I call my blog Despicable yet Wonderful YOU because this is exactly how we all are. All of us have several errors in us, we are flawed in many ways, but yet each one of us have a lot of good in ourselves and certainly have the potential to correct ourselves and change ourselves for the better. We may be a flawed species but we are still considered to be most intelligent ones. The only thing that stops us from getting better and progressively evolving into better beings is our ego.

The moment we can look past our inflated egos and truly self analyze ourselves by what we have done and are doing, we will often come to a profound realization about our true character and personalities that lies hidden within. And that realization can only spark our conscience to rebuild our dignity and core character into the ones we assume ourselves as being. This moment teaches us several things about ourselves and teaches us the much needed humility. Some are fortunate to be beaten down by life events to lean this lesson, and some are unfortunate to carry on living in a bubble and oblivion being nothing more than a joke in other peoples’ minds secretly. But those who truly indulge in some serious introspection and take necessary steps to change, they eventually align themselves to the true essence of live and begin to build on solid things. They garner a different level of honest respect, love and thus live a much gratifying and purposeful life. Such individuals are easily identifiable by their deeds, accomplishments, understanding of others, accepting others for who they are, patience, humility, and kindness. They also often seem to live a content and peaceful lives.

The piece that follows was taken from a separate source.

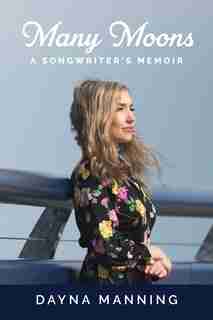Many Moons: A Songwriter's Memoir by Dayna Manning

But those who are enshrouded in their inflated false egos and live in oblivion often seem to live in a perpetual state of confusion, dissatisfaction, identity crisis, and bitterness. They too can easily be identified by their hatred, anger, cynicism, excessively trying to please others, impress others, and a lot of finger pointing and being judgemental of others.

So, what can one do to live a more meaningful and happier life? Well, don’t we all know the answer to this? Yet, we chose never to discomfort ourselves by indulging in some honest introspection in an effort to self analyze and progressively evolve into better beings. Many of us chose rather to put on an act of respectability and pseudo self characterization than truly earn this dignity. And we have mastered the art of deflection by judging others and finger pointing.

It is easy and absolutely without consequences to make callous statements about others and judge them. Pointing fingers on other peoples parenting skills, their relationships, their choices in life, their religious beliefs, their values,  or even being critical of the younger generations. But we forget how we were when we were young, and we absolutely have no idea of what we will do and how we will truly react if we were to have faced the other persons exact life and circumstances. Yet, we seem to self appoint ourselves as experts on other peoples life and often fail to straighten our own. And in the vent of being told by someone, some us also opt to take refuge in self sympathy or hide our choices by blaming our circumstances. But we never seem to extend the same courtesy to others for being who they are. What we truly forget is that we all are shaped by the choices we have made under the circumstances that life has put us through.

While we are busy judging others we often are oblivious to the fact of how ugly our own lives and mistakes makes us look. It is not what we `think’ of ourselves to be, but it is what we do and how we behave that makes us who we truly are.

The greatest gift that you can give someone in life is by being a positive inspiration to them by your action and behaviour. Not your words of wisdom or advice.